Ancora un po' d'amarezza! Urania la sentì, ma se l'era meritata e tacque. Solo dopo un silenzio molto lungo e molto interessante ella esclamò per sottrarsi al fascino:

— Chi sa quante saranno l' ore! Il barcaiolo tarda di molto; ho freddo.

Romeo le si avvicinò. Santo Dio, che poteva mai fare? Abbracciandosi, certo, sarebbero stati più caldi. Lo ebbe, lui, questo pensiero? Ad ogni modo non lo si poteva esprimere nè in greco nè in latino. S'accontentò di rispondere:

— Mi dia tutte e due le mani. Così!

E se le pose sul cuore.

La donna forte si trovava più che mai debole e piccina.

— Dica, se l'uomo non venisse più?

— Fabbricheremo, come Robinson, la nostra capanna aspettando l'opportunità di tornare in patria.

Nel pronunciare queste parole, ridendo, il giovinotto si strinse contro il petto le due manine che vi avevano chiesto un rifugio, e poichè le braccia sono tanto vicine alle mani, le belle braccia di Urania vi trovarono posto anch'esse.

Fu in quel momento che Urania mormorò:

— Mi perdoni, sa? L'avevo giudicata male.

Romeo, commosso e grave, rispose:

— Grazie. Ora sono felice.

Il barcaiolo poteva fare i suoi comodi; nessuno dei due pensava più a lagnarsi. Difatti quando arrivò, verso le dieci, e tutto confuso tentò scusarsi dell'involontario ritardo, Romeo lo interruppe:

— Ma no, caro, hai fatto anche troppo presto.

Tò! — pensò il barcaiolo — che brava gente sono questi signori. Avvezzi alle ottomane elastiche conoscono il modo di passare due ore sopra un tetto senza nemmeno aver l'aria di essersi trovati male.

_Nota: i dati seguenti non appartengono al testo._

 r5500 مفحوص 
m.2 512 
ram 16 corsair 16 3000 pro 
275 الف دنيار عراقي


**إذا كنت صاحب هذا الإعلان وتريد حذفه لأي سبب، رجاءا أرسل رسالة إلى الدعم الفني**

L'anno dopo, al tempo che Urania faceva la sua solita visita alle cugine, propose a Romeo una passeggiata sui terreni dell'inondazione.

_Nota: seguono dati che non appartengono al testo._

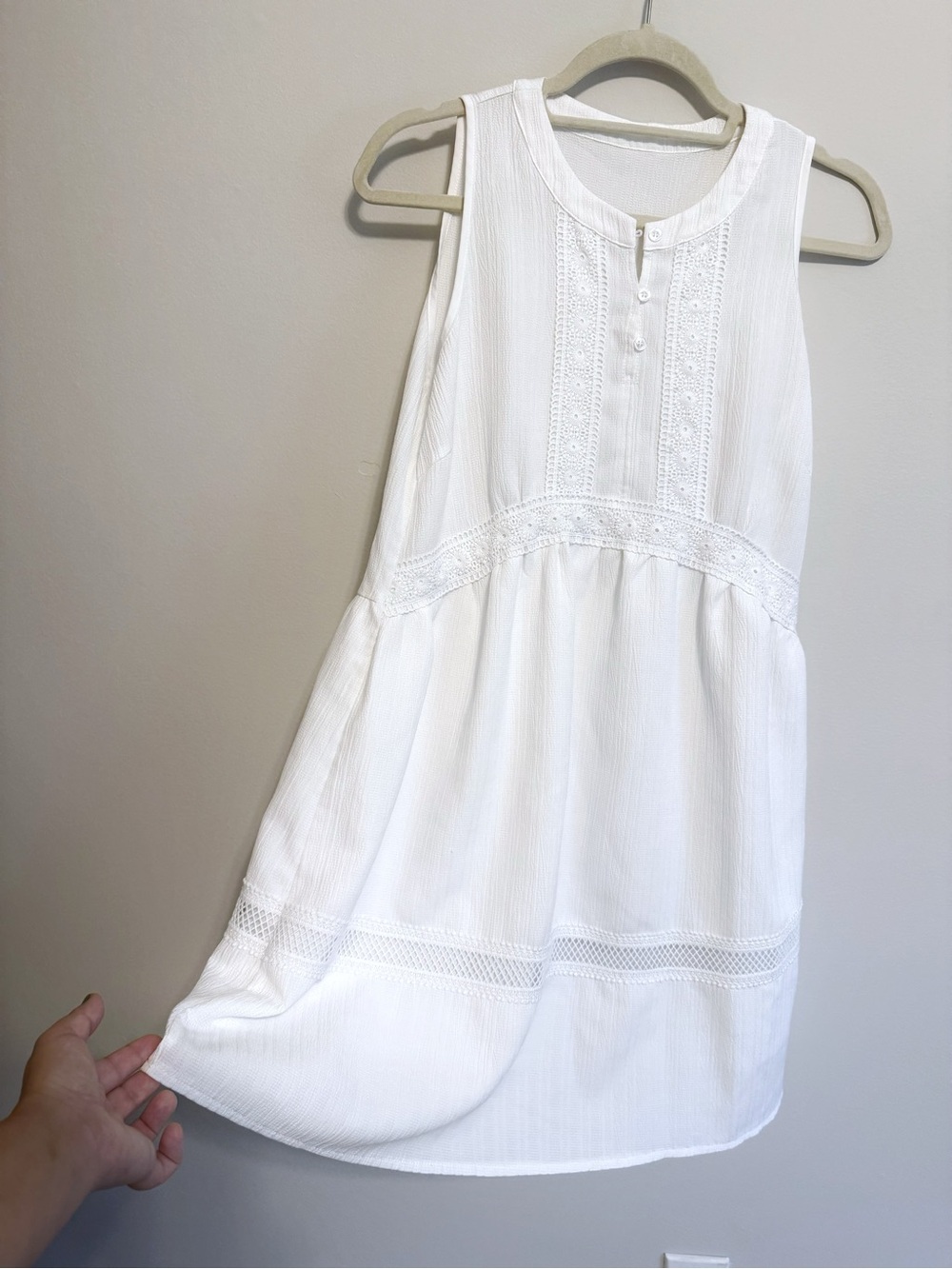 Sundress White Sleeveless Mini Dress with Lace Trim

Le case erano risorte, le viti rialzate, le siepi a lor posto. Nei campi coperti di messi spirava l' abbondanza di un raccolto fortunato; i prati erano verdi, il cielo sereno, e sotto i pioppi giganteschi il povero contadino riposava stanco ma lieto.

I due giovani si fermarono davanti a una cascina; riparati dall' ombra che il tetto rifatto a nuovo proiettava sul sentiero, si strinsero con moto simultaneo cuore contro cuore, e, senza pronunciar parola, si baciarono.

Una lettrice scandalizzata: Oooh! … L'autore: Erano fidanzati!

Ma sapete bene, voi, che cosa vuol dire pranzare? Chi conosce il valore di questa parola ha il segreto di tutte le agitazioni della vita umana.

Ora Patrizio aveva pranzato per l' appunto — cosa che non gli succedeva così regolarmente come egli avrebbe desiderato — ma tant' è, per quel giorno, una zuppa di trippe la divina Provvidenza e l'oste della Croce Bianca glie l'avevano procurata e Patrizio si dichiarava il più felice degli immortali.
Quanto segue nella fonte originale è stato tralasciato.